ECLI:NL:CRVB:2019:1577
Centrale Raad van Beroep
- Hoger beroep
- Rechtspraak.nl
Beëindiging van ZW-uitkering na medisch onderzoek en geschiktheid van geselecteerde functies
In deze zaak heeft de Centrale Raad van Beroep op 2 mei 2019 uitspraak gedaan in hoger beroep tegen een eerdere uitspraak van de rechtbank Overijssel. Appellant, die zich ziek had gemeld vanuit een uitkeringssituatie op grond van de Werkloosheidswet, had recht op ziekengeld op basis van de Ziektewet (ZW). Na een eerstejaars ZW-beoordeling werd zijn recht op ziekengeld voortgezet, maar na een toetsing in het tweede ziektejaar concludeerde het Uwv dat appellant in staat was om meer dan 65% van zijn maatmaninkomen te verdienen. Dit leidde tot de beëindiging van zijn ZW-uitkering. Appellant was het niet eens met deze beslissing en heeft hoger beroep ingesteld.

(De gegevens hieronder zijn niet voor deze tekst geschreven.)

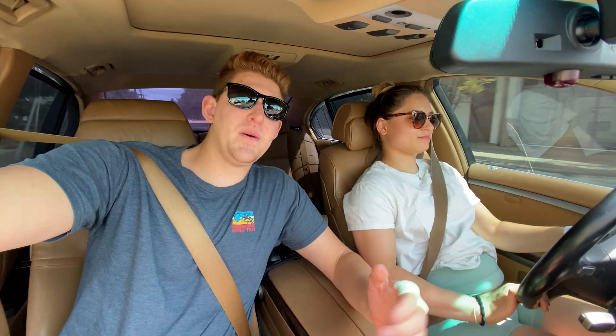Hey guys, welcome to LifeBuilds. My name is Michael and I'm Zoya, and today we are heading out to buy our new car for the channel.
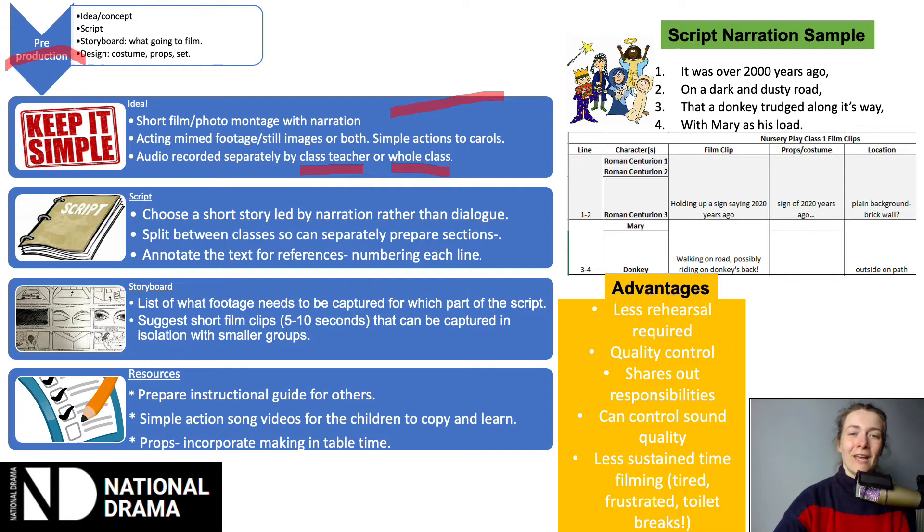For the script, you need to think about using a story as the basis for your film. It could be something you've already got, something you write yourself, or something you adapt. I would suggest choosing a short story that is led by narration rather than dialogue so that you can apply the principles I've just talked about.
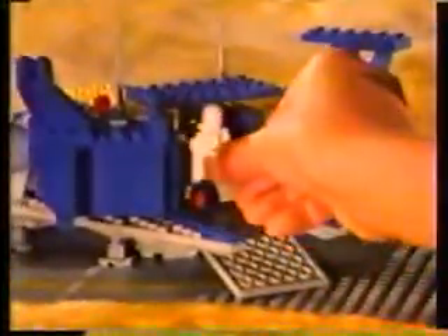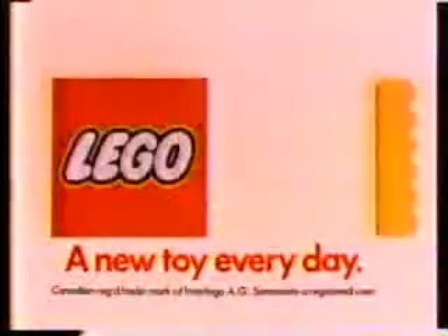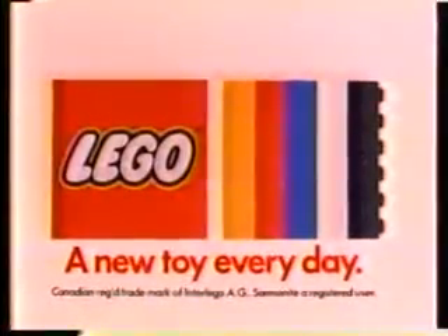Number 928, one of the new Lego space series. Each set sold separately. Lego, a new toy every day. Let's go.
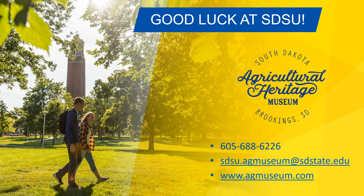As we close, we would like to take a moment to wish you good luck during your time as a Jackrabbit at South Dakota State University. If you have any questions about the information shared in this presentation, please contact the South Dakota Agricultural Heritage Museum at 605-688-6226, by emailing us at sdsu.agmuseum@sdstate.edu, or by visiting our website at www.agmuseum.com.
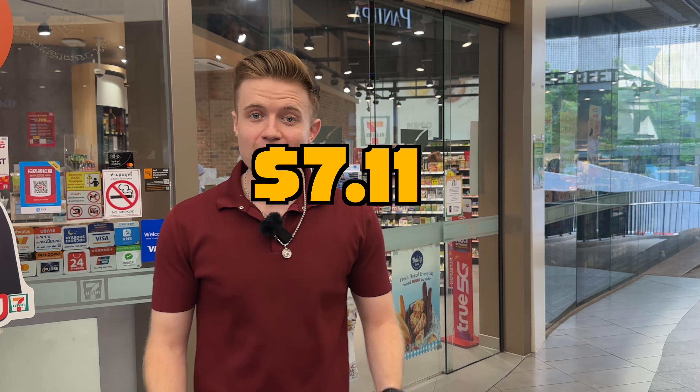I'm Sam Tyler, this is Thailand, and this is how I'm going to spend $7.11 at 7-Eleven.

De rechtbank had het beroep van appellant tegen het besluit van het Uwv ongegrond verklaard, waarbij werd overwogen dat het medisch onderzoek zorgvuldig was uitgevoerd en dat er geen reden was om aan de juistheid van het medisch oordeel te twijfelen. Appellant voerde in hoger beroep aan dat het medisch onderzoek onvoldoende was en dat zijn beperkingen niet correct waren vastgesteld. De Raad heeft echter geoordeeld dat het Uwv voldoende had gemotiveerd dat de geselecteerde functies medisch geschikt waren voor appellant en dat het medisch onderzoek zorgvuldig was uitgevoerd. De Raad onderschreef de overwegingen van de rechtbank en concludeerde dat het hoger beroep niet slaagde.
De uitspraak bevestigt dat de Centrale Raad van Beroep de eerdere uitspraak van de rechtbank Overijssel heeft bekrachtigd, waarbij de beëindiging van de ZW-uitkering van appellant rechtmatig werd geacht. De Raad heeft geen aanleiding gezien voor een veroordeling in de proceskosten.